● WHAT THIS TASK INVOLVES: From the listing below, output only the lines starting at the line that has "Milwaukee Brewers' Willy" and ending at the line that has "An empty theatre stage with warm spotlights", exactly as they appear, ends included.

● EXERCISE MATERIALS:
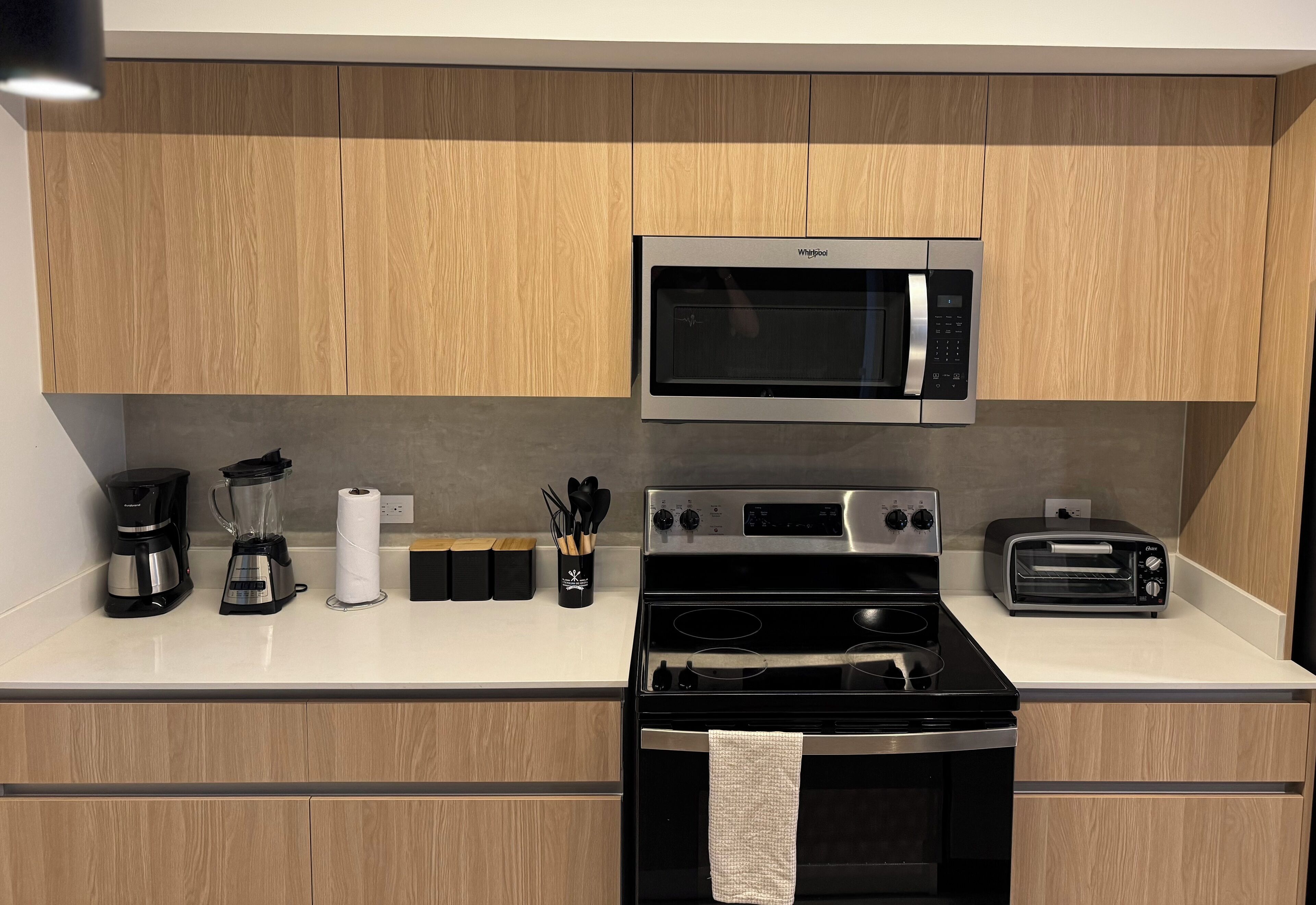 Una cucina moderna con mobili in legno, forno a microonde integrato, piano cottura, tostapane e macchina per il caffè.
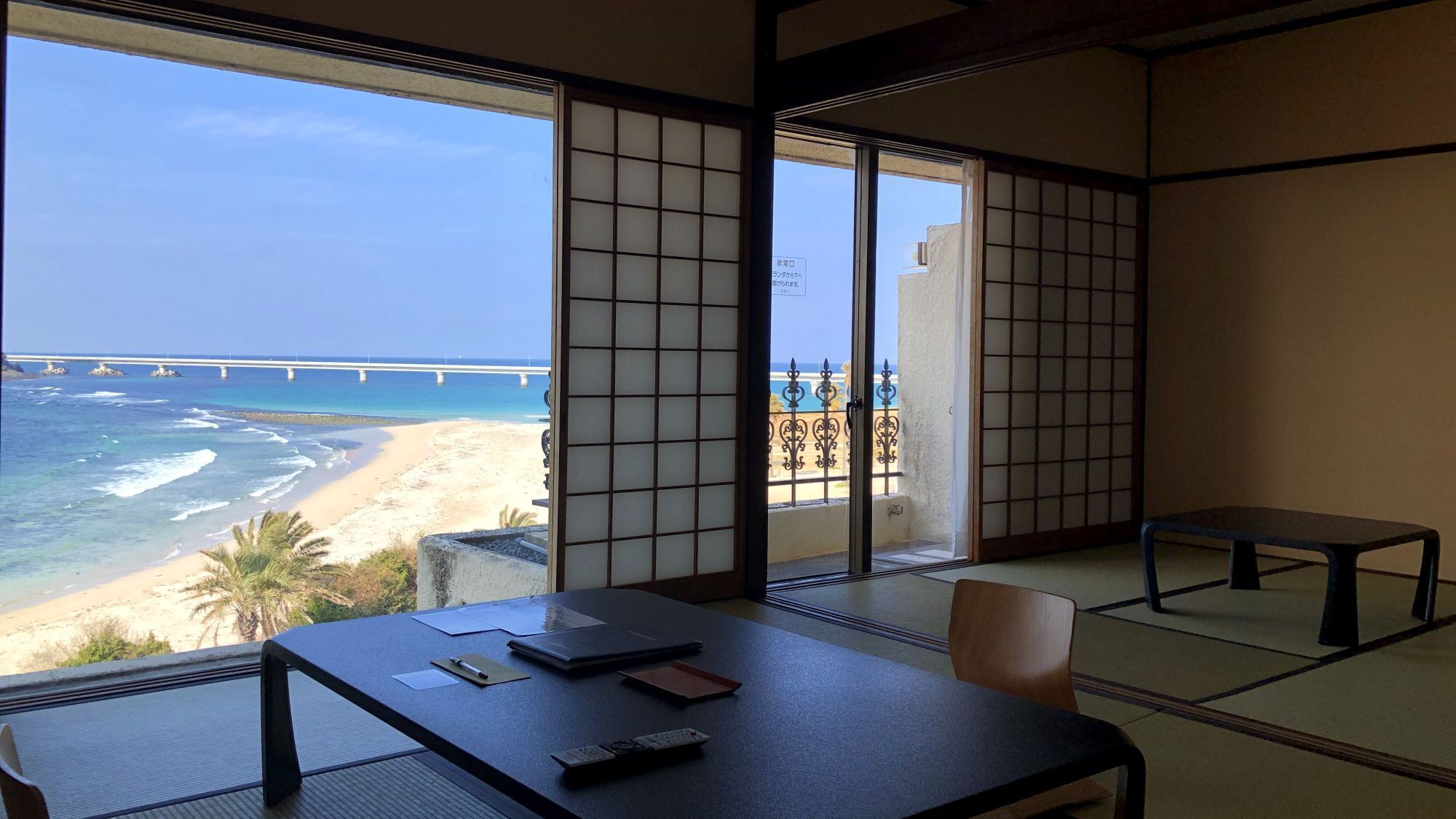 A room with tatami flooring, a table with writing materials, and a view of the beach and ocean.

---

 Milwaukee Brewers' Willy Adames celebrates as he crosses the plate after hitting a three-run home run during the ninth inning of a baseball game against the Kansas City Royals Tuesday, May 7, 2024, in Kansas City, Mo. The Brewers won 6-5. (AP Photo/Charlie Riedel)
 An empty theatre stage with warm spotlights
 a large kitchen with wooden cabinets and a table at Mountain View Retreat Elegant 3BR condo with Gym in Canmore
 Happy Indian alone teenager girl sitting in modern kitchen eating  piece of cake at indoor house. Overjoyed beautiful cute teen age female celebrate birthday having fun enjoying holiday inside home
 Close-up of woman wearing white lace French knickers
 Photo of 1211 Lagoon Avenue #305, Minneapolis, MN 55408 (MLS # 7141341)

● ANSWER AREA:
 Milwaukee Brewers' Willy Adames celebrates as he crosses the plate after hitting a three-run home run during the ninth inning of a baseball game against the Kansas City Royals Tuesday, May 7, 2024, in Kansas City, Mo. The Brewers won 6-5. (AP Photo/Charlie Riedel)
 An empty theatre stage with warm spotlights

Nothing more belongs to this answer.